Esattamente cinquant’anni dopo gli omicidi prodotti e creati dalla mente di Charles Manson a Los Angeles nell’agosto 1969, a mezzanotte inoltrata e dopo oltre due ore e quaranta, si lascia Piazza Grande insieme ad altre più di ottomila persone con la sicurezza e, in un certo senso, la soddisfazione che ti lascia ogni film di Quentin Tarantino. Perché sì, se Tarantino è senza dubbio un regista in grado di raggiungere i gusti di un ben diversificato pubblico, rimane sempre un autore che, nel corso della sua carriera, a più riprese ha firmato opere innovative agli occhi dei più cinefili.
Se devo essere sincera, l’idea di un film sul mondo del cinema hollywoodiano che, quindi, riprendesse tematiche per forza care e vicine a chiunque frequenti o abbia frequentato quel mondo, mi rendeva un po’ scettica. Pensavo che forse non fosse un’idea poi così originale, sebbene trattasse il caso Manson, aprendo dunque ad altre tematiche. Mi dicevo che forse le idee per Tarantino si stessero esaurendo e che molto sarebbe dipeso da eventuali letture fra le righe, interpretazioni e una crescita del film dentro di sé a posteriori (come solo i bei film sono in grado di fare).
Non avevo torto, non avevo ragione, ma di certo è possibile fare alcune riflessioni.

Siamo nella Los Angeles del 1969 e due sono i personaggi principali che seguiamo per l’intero film.

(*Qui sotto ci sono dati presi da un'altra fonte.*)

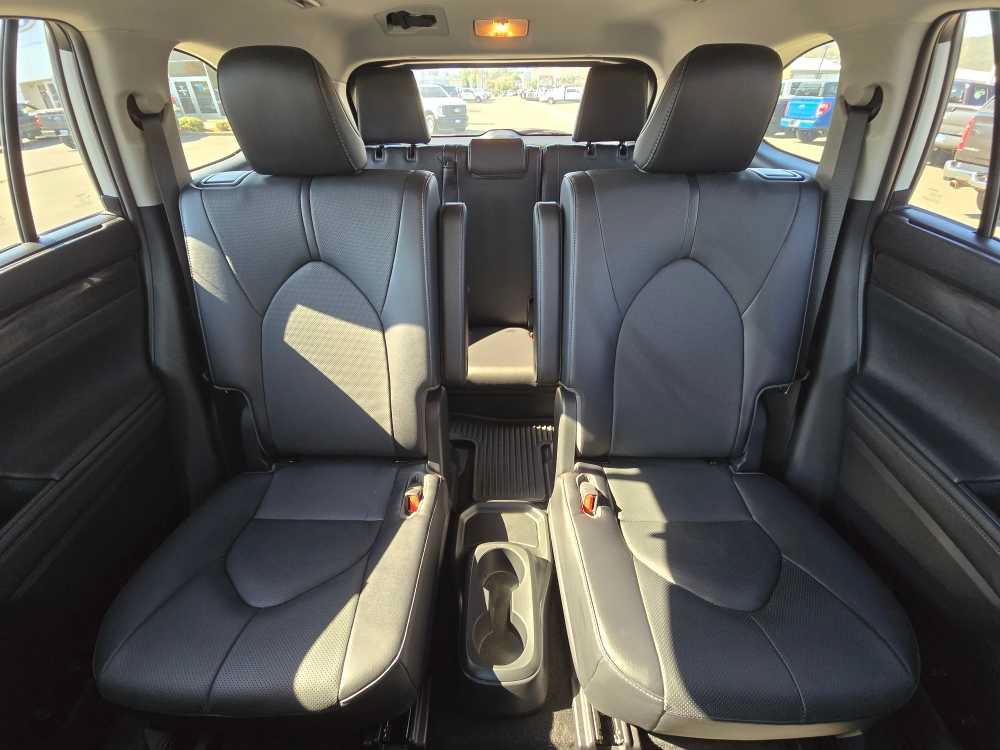 Used 2023 Toyota Highlander Limited AWD/4WD image 18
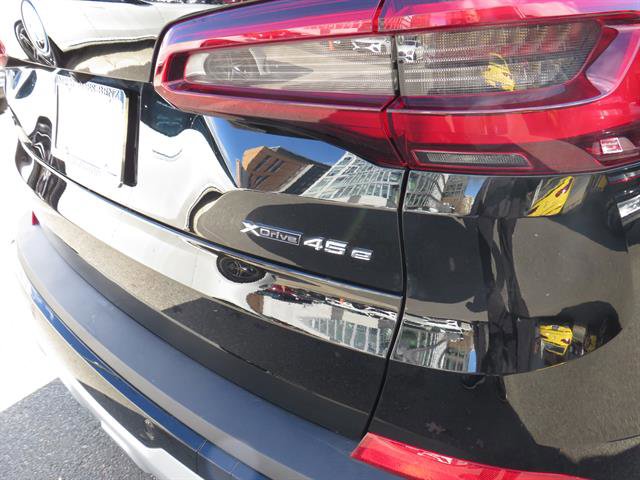Used 2023 BMW X5 xDrive45e w/ Luxury Seating Package image 34
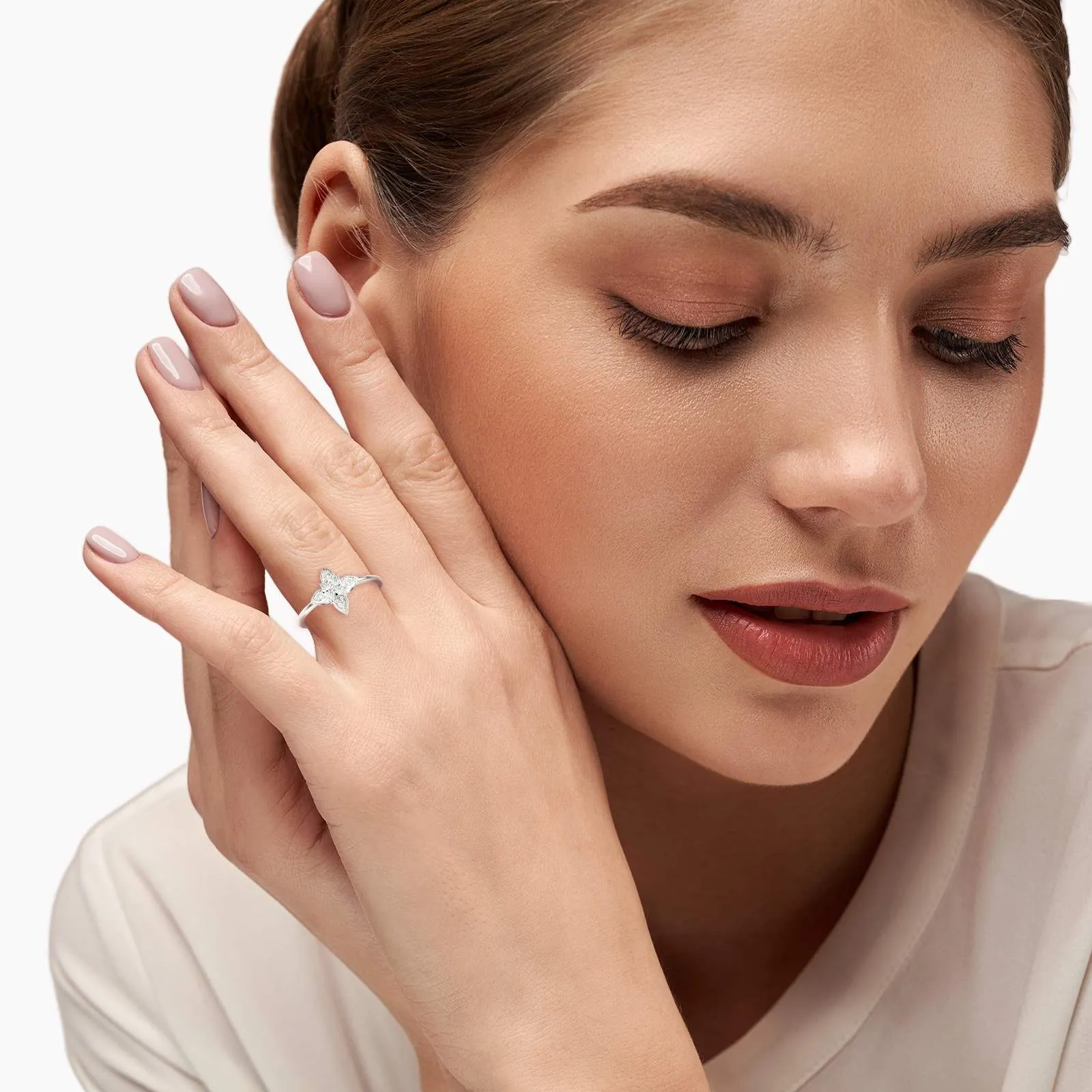 Shining Iris Diamond Ring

Rick Dalton (Leonardo DiCaprio) è un celebre attore che vede, nemmeno troppo all’orizzonte, la fine della sua carriera nel cinema Western dell’epoca. Cliff Booth (Brad Pitt) è il suo stuntman ed assistente personale che vorrebbe (e potrebbe) farsi strada in ruoli più importanti ma che sistematicamente resta nel suo personaggio.